Mais un autre changement va aussi doper le plaisir et les performances du Meta TR : le passage sur des pneus en 2.6″ de section (Schwalbe Magic Mary devant et Nobby Nic derrière), qui passent sans souci au niveau du dégagement ! On reperd le poids gagné sur le changement de roues, mais pas pour rien ! Avec un tel ballon et un diamètre externe un peu plus grand, on rehausse un peu la machine (ce qui n’est pas plus mal car sinon, le boîtier est quand même fort bas) et surtout, on profite d’un grip terrible ainsi que d’une filtration incroyable des petites aspérités qui permet de coller le vélo au parquet. Et le tout, sans devoir se farcir la sensation de flou qu’on peut ressentir avec du 2.8.
Le combo gros pneus/petites roues et débattement réduit fonctionne à merveille sur un engin taillé pour le plaisir comme le Commencal Meta TR. L’accroche est démoniaque et donne l’impression d’être sur un gros vélo à de nombreux aspects, tout en ayant la facilité et la vivacité d’une petite machine de trail quand on veut sauter, se jeter d’un coin à l’autre du sentier, ou tout simplement s’amuser.
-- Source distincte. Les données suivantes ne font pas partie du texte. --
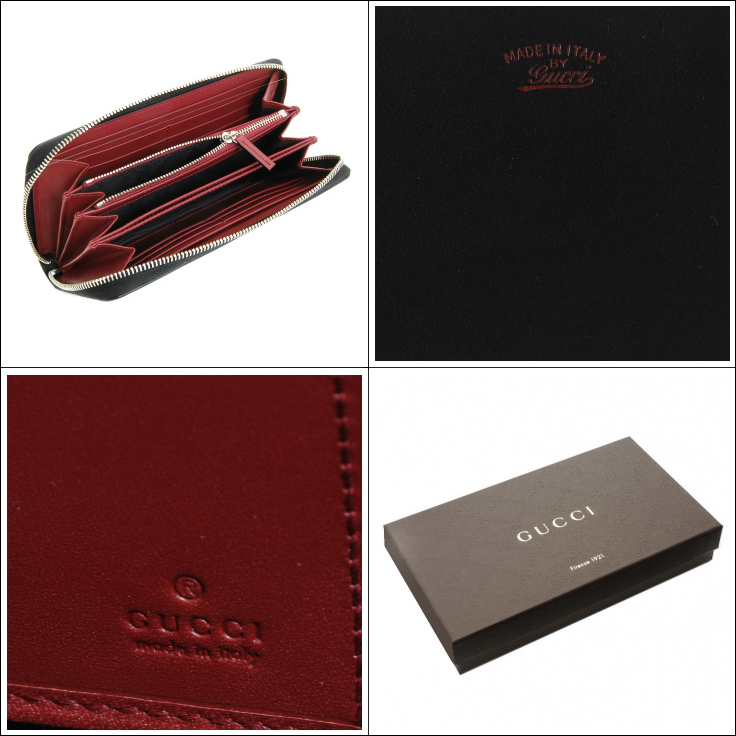 グッチ/GUCCIコピー 財布 メンズ カーフ ラウンドファスナー長財布 ブラック×レッド 2015年春夏新作 368378BGHIN1063 - 商品画像 4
Quand on regarde les temps, sans que cela ait quoi que ce soit de scientifique, on voit aussi qu’on va vite. Très vite ! Et quand on roule à Mach 12, il fait preuve d’une stabilité à laquelle on ne s’attendait pas spécialement vu son petit débattement et son cadre assez ramassé.
A moins d’habiter à la montagne, d’enfiler les descentes de plus de 10 minutes au petit déjeuner ou d’avoir un usage enduro race, on peut déjà aller très loin avec cette version TR, qui se montrera aussi beaucoup plus facile à prendre en main pour un novice ou quelqu’un venu plus de l’univers XC. Clairement, pour s’amuser dans les Ardennes ou sur des reliefs comme l’Alsace, les Vosges ou le massif Central, pas vraiment besoin de plus. En prenant le temps de jouer sur les roues et les pneus (type, section, etc.), on pourra vraiment lui trouver un champ d’application très large.
Verdict
Oui, nous avons eu un gros coup de cœur pour ce Commencal Meta TR 27,5 ! Comme nous le disions au début, il n’a pas de cadre carbone, pas de grandes roues, et c’est un modèle d’un millésime déjà presque « dépassé » (hum), mais p… quel vélo ! En matière de machine à plaisir, difficile d’imaginer mieux. Si on peut aller très vite à son guidon, c’est juste pour aller chercher de l’adrénaline, pas spécialement un chrono. Dans ce contexte, les petites roues se profilent toujours comme une excellente solution. Nous avons hâte de voir ce que donne la version 29 », mais nous ne saurions trop vous conseiller de tester des pneus en section 2.6 sur une machine comme le TR car cela magnifie ses qualités. Loin d’être un vélo dépassé, ce Meta TR 27,5 mérite de cohabiter encore longtemps avec la version à grandes roues. Au final, c’est plutôt rassurant de savoir (même si on s’en doutait assez fort) qu’un vélo du millésime précédent ne perd pas soudainement toutes ses qualités quand le nouveau sort. Ouf.